EXERCISE INSTRUCTIONS: Everything from the line containing "1/2-inch brass full-port" through the final line of the entries, both included, should be copied exactly and with nothing else; please skip pictures.

AVAILABLE DATA: Begin

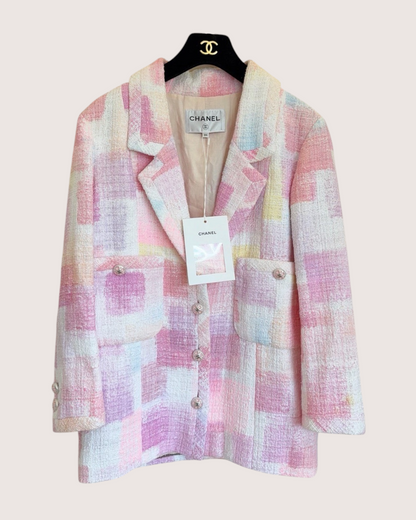 Chanel 23S Watercolor Four-Pocket Tweed Jacket Pink, White, Multicolor FR 34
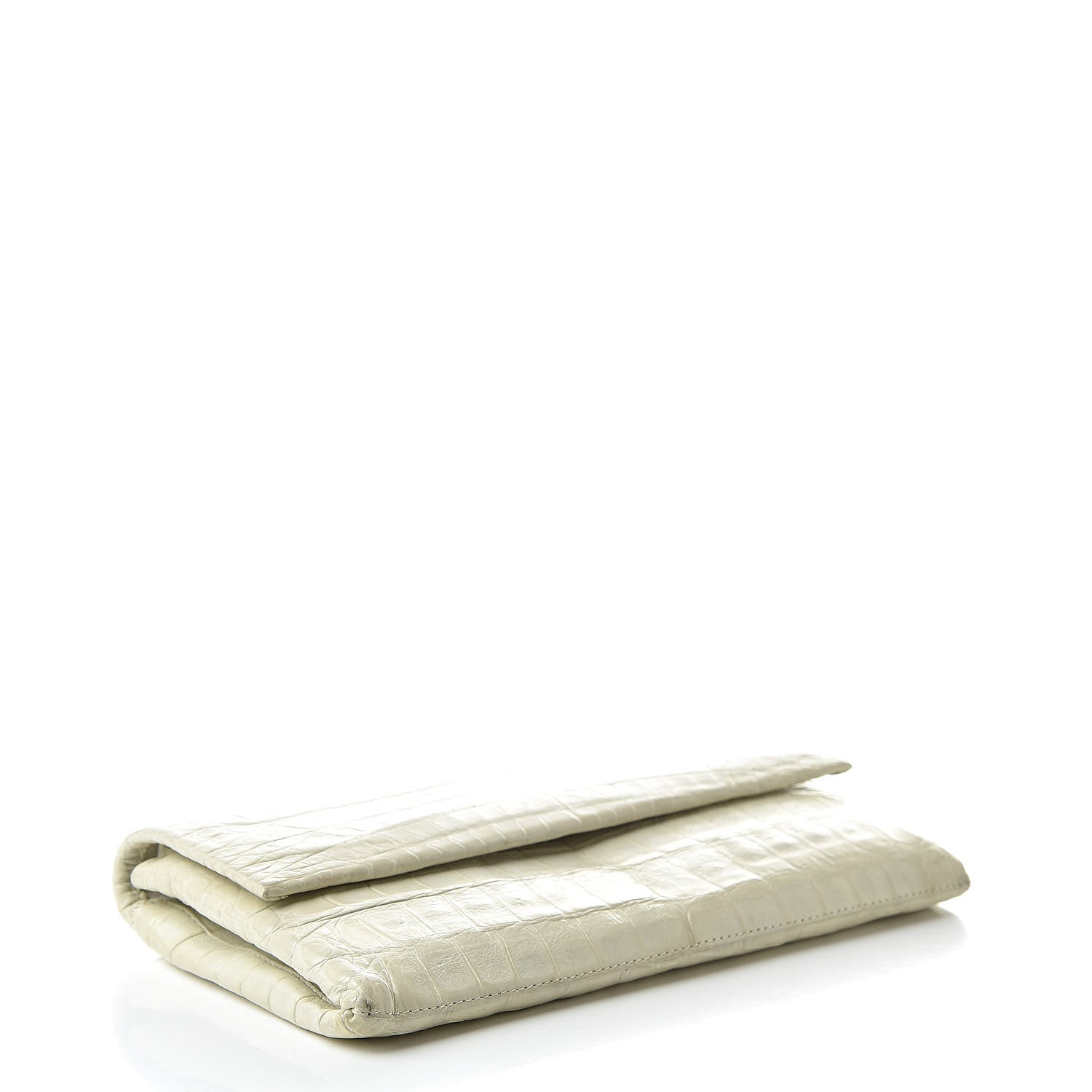 Nancy Gonzalez Crocodile Flap Clutch Wallet White 4 of 14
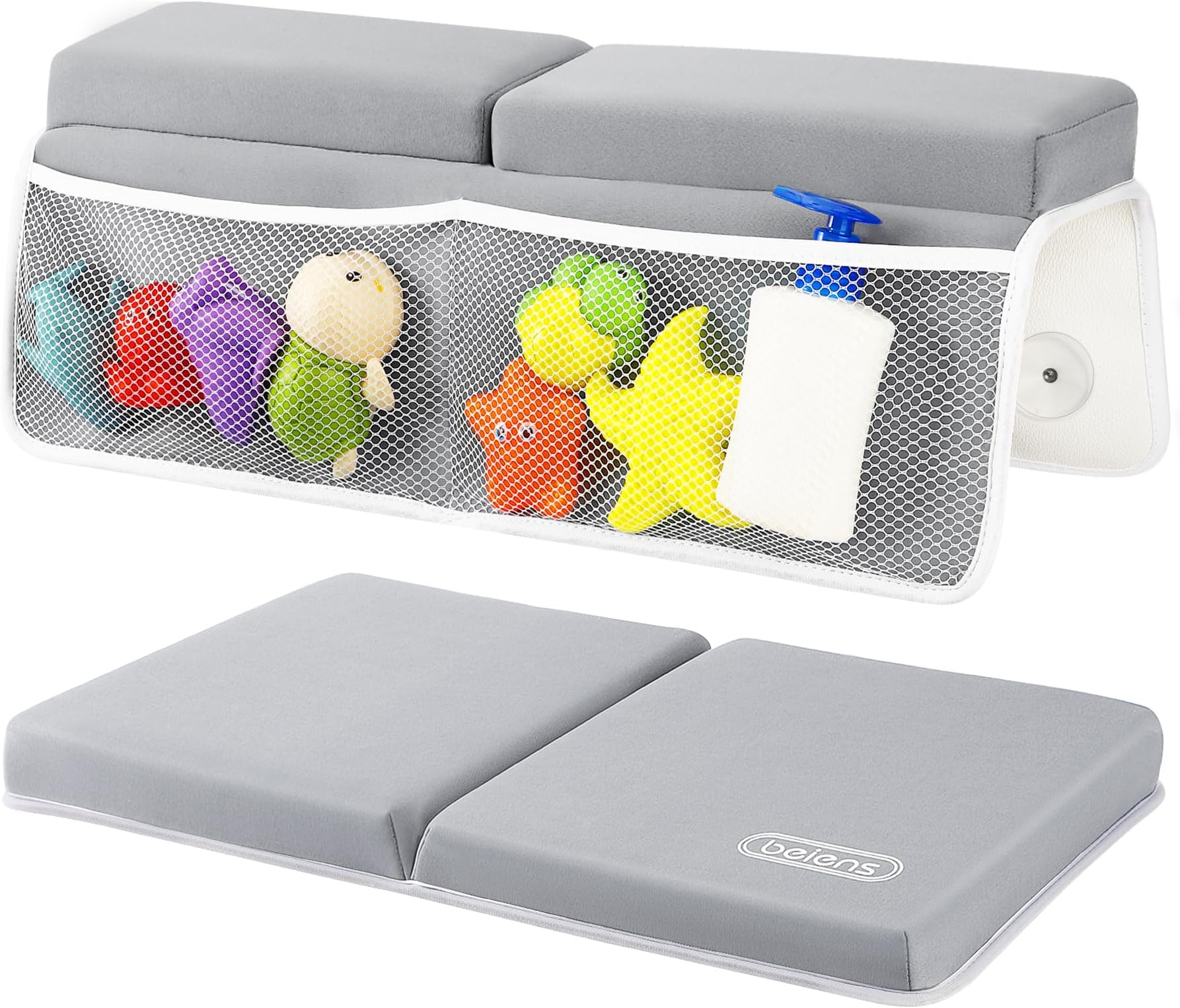 beiens Bath Kneeler and Elbow Rest Pad, 1.5'' Thick Quickly Dry Kneeling Pad and Elbow Support for Knee & Arm Support Large Bathtub Kneeling Mat with Toy Organizer for Happy Baby Bathing Time (Grey)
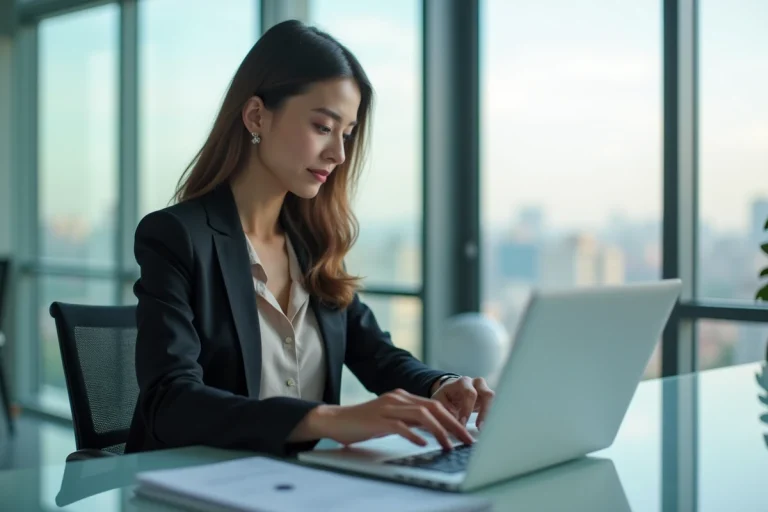 Jeune femme professionnelle travaillant sur un ordinateur portable dans un bureau moderne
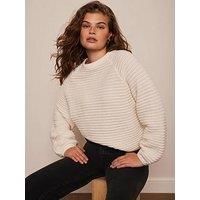 Mint Velvet Ivory Cotton Ribbed Jumper - Cream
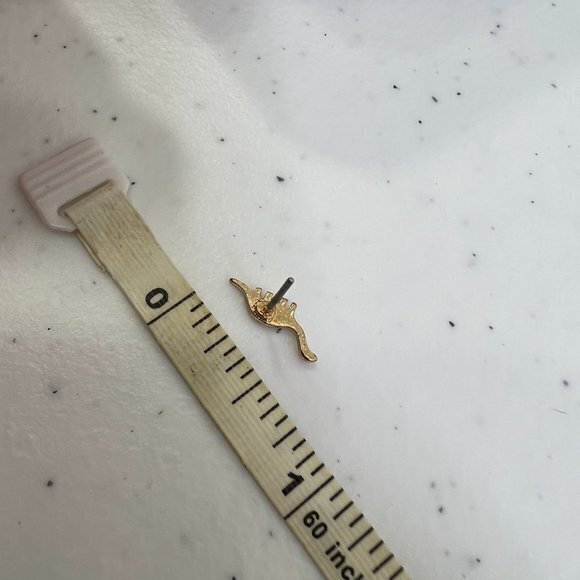 Dinosaur Earrings Gold Tone‎ Stud Small Tiny Dainty Pierced Dino - Picture 6 of 6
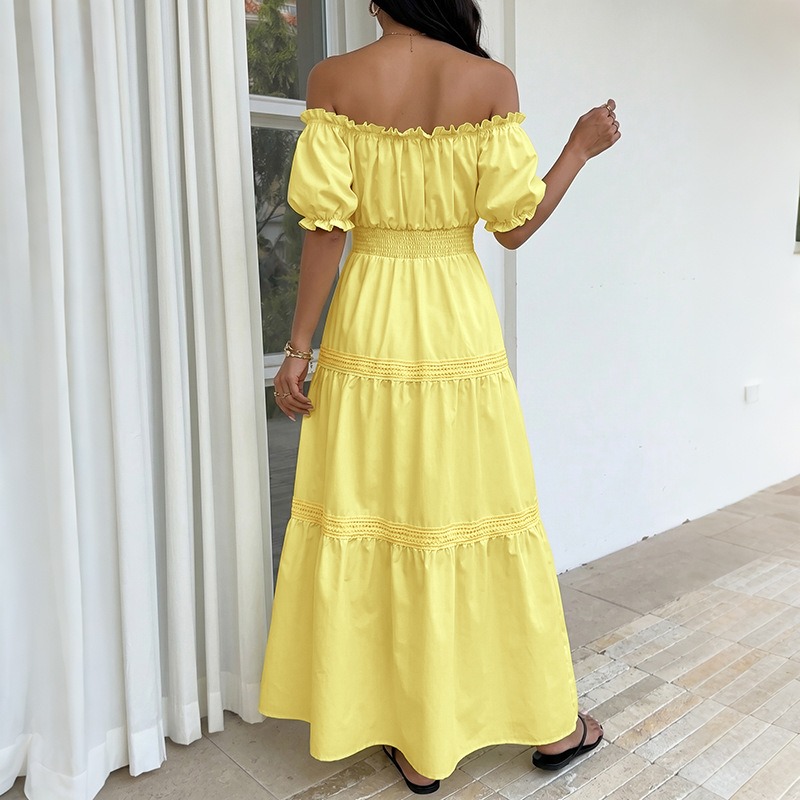Summer Bohemian Women Yellow O - огляд і ціна Off Shoulder Puff Sleeve Sundress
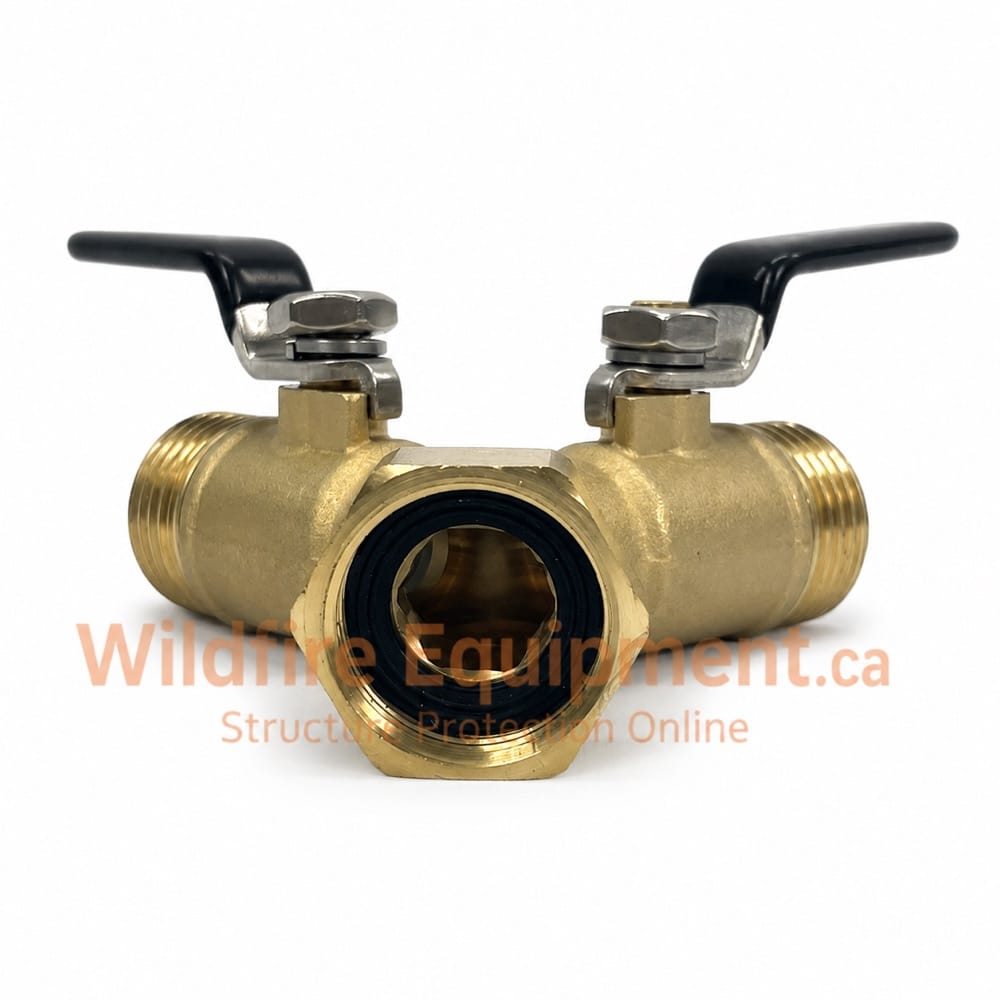 1/2-inch brass full-port Y with two black shutoff handles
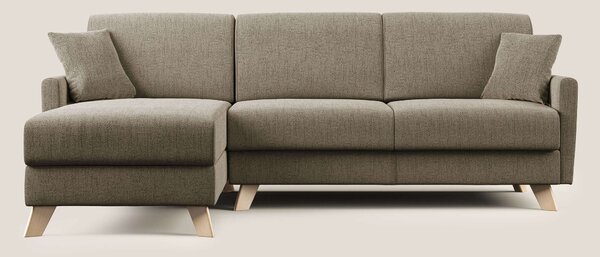 Edgar divano letto angolare in tessuto felis impermeabile T03 marrone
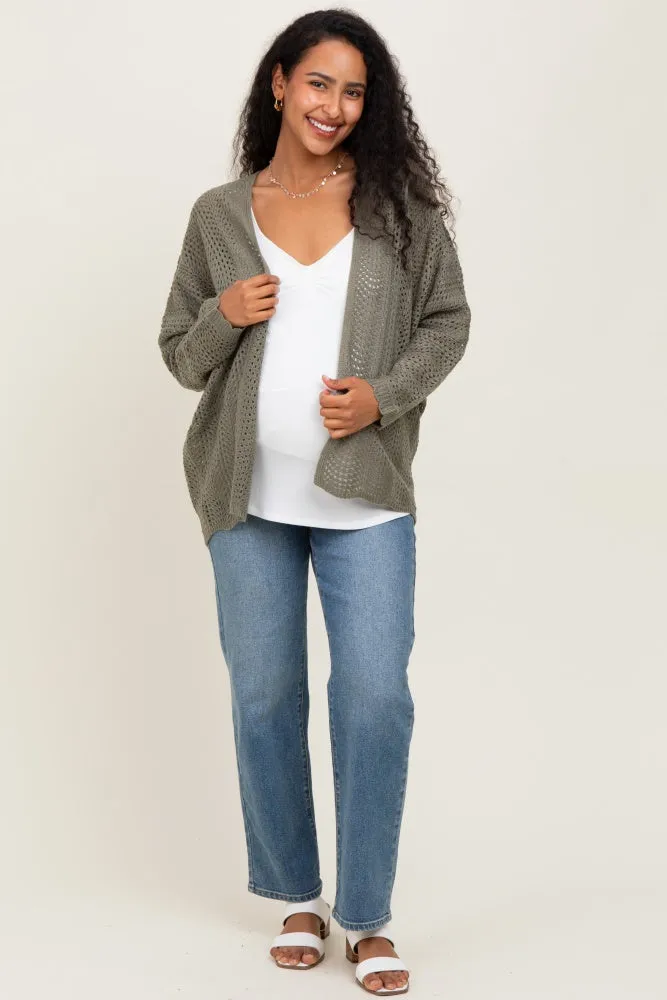 Olive Crochet Knit Scallop Detail Open Maternity Cardigan sold by Pinkblush product image thumbnail 2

AVAILABLE DATA: End

TASK SOLUTION:
 1/2-inch brass full-port Y with two black shutoff handles
 Edgar divano letto angolare in tessuto felis impermeabile T03 marrone
 Olive Crochet Knit Scallop Detail Open Maternity Cardigan sold by Pinkblush product image thumbnail 2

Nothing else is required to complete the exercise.